Trotz der aktuell geringen Verzinsung lohnt sich das Ansparen von nicht benötigter Liquidität auf einem Tagesgeldkonto. Denn auf dem Girokonto verschenken Unternehmen zum einen mögliche Zinsen und zum anderen verleitet das externe Konto zum weiteren Sparen. Vermutlich werden die Zinsen auch nicht langfristig auf dem derzeitigen historisch niedrigen Zinsniveau bleiben. Steigt das Zinsumfeld, so steigen auch die Renditen auf dem Tagesgeldkonto. So können sich Selbstständige und Unternehmen in der Zwischenzeit ein erfolgreiches Cash-Management anlegen.
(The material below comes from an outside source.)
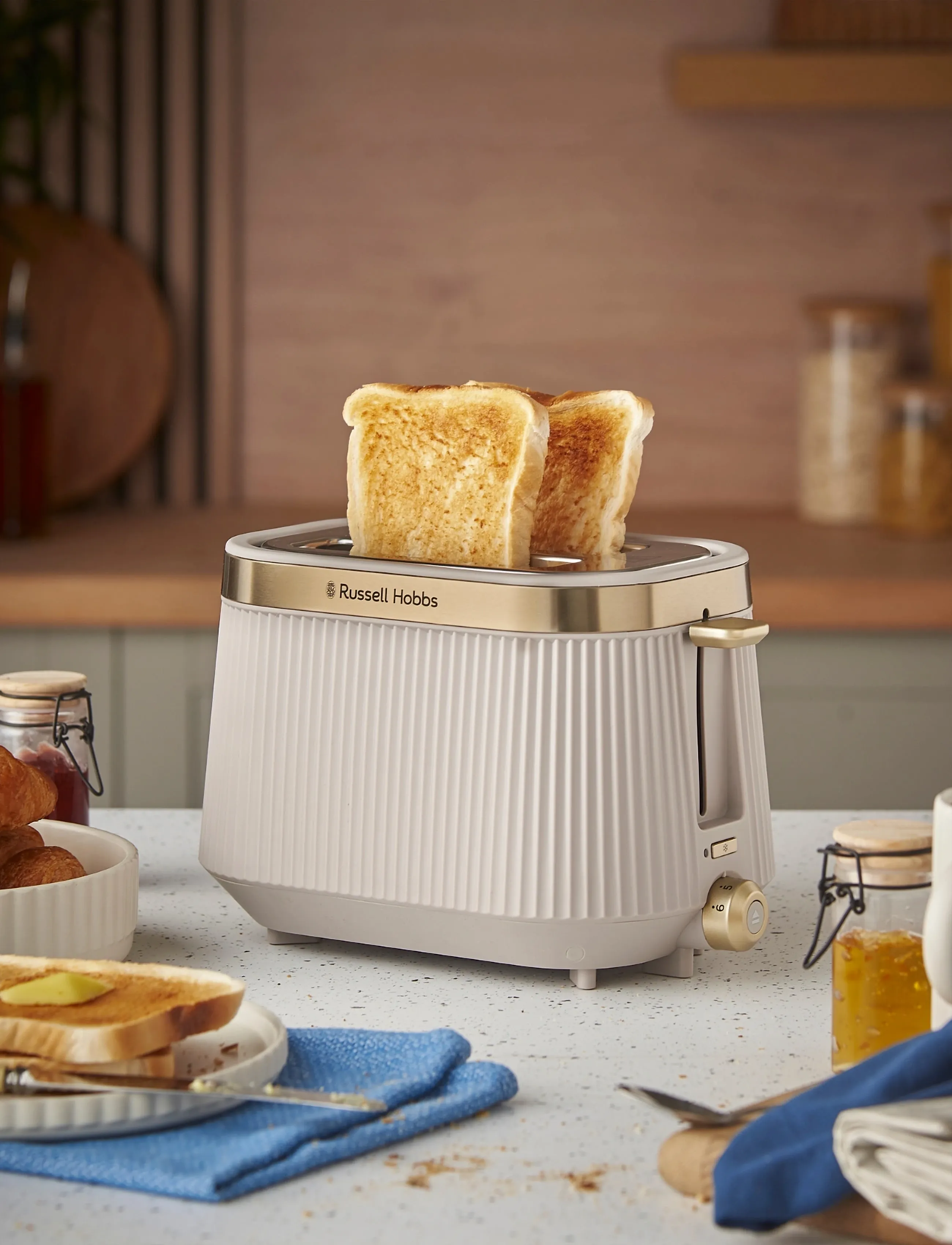 Russell Hobbs Rh Brontë 2S Toaster Stone, 2 S, Kitchen Appliances, Creme - Toasters, Homeware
In welchen Situationen lohnt sich ein kostenloses Tagesgeldkonto?

Unternehmen nutzen ein Tagesgeldkonto zum Beispiel dafür, um die Zeiten zwischen größeren Zahlungseingängen und der nächsten Fälligkeit der Verbindlichkeiten zu überbrücken. Mit dem Transferieren auf das Tagesgeldkonto entsteht eine zusätzliche Einnahmequelle durch die Verzinsung. So gibt es beispielsweise bei MoneYou derzeit 1,1 Prozent für Tagesgeld. Während dieses Zeitraums werden die liquiden Reserven verzinst und ohne Kontoführungsgebühr auf dem Tagesgeldkonto deponiert, sind aber trotzdem jederzeit verfügbar. Auf dem Geschäftskonto hingegen liegen sie brach, da es hier entweder gar keine oder nur eine sehr niedrige Verzinsung des Guthabens gibt. Die hohe Verzinsung, schnelle Verfügbarkeit und einfache Kontoführung machen das Tagesgeld somit auch für Selbstständige, Freiberufler und Unternehmen interessant.

Darauf ist bei der Wahl des Tagesgeldkontos zu achten

Bei der Wahl eines Anbieters für ein Tagesgeldkonto sollten Firmen darauf achten, dass die Einlagen darauf zu 100 Prozent durch die Einlagensicherung abgedeckt sind. Alternativ sollte das Geld bei höheren Beträgen auf verschiedenen Konten deponiert werden, damit die Summe entsprechend gesichert ist im Fall einer Bankeninsolvenz. Die meisten europäischen Kreditinstitute sind bis mindestens 100.000 Euro abgesichert. Viele Banken sind zudem Mitglied beim Einlagensicherungsfonds und verfügen über eine zusätzliche Absicherung, die bis in Millionenhöhe gehen kann.

Tagesgeldkonto im Vergleich für Selbstständige und Unternehmen

Einzelunternehmen und Freiberufler können prinzipiell alle Tagesgeldangebote der Banken auch für ihre geschäftlichen Zwecke nutzen, zumal es sich bei ihnen um natürliche Personen handelt und die Konten auf den Namen des Inhabers laufen. Unternehmen hingegen, die juristische Personen sind, wie beispielsweise eine GmbH, müssen einen Anbieter finden, der Tagesgeld auch für juristische Personen anbietet. Nicht selten können auch juristische Person das gleiche Tagesgeldkonto wie Privatkunden nutzen. Allerdings unterscheiden sich die Konditionen und sie sind meistens noch etwas besser, da Unternehmen in der Regel höhere Summen deponieren. Selbst wenn die Zinsen derzeit im Keller sind, macht sich folglich aufgrund der höheren Einlage von Unternehmen ein Tagesgeldkonto fast immer bezahlt.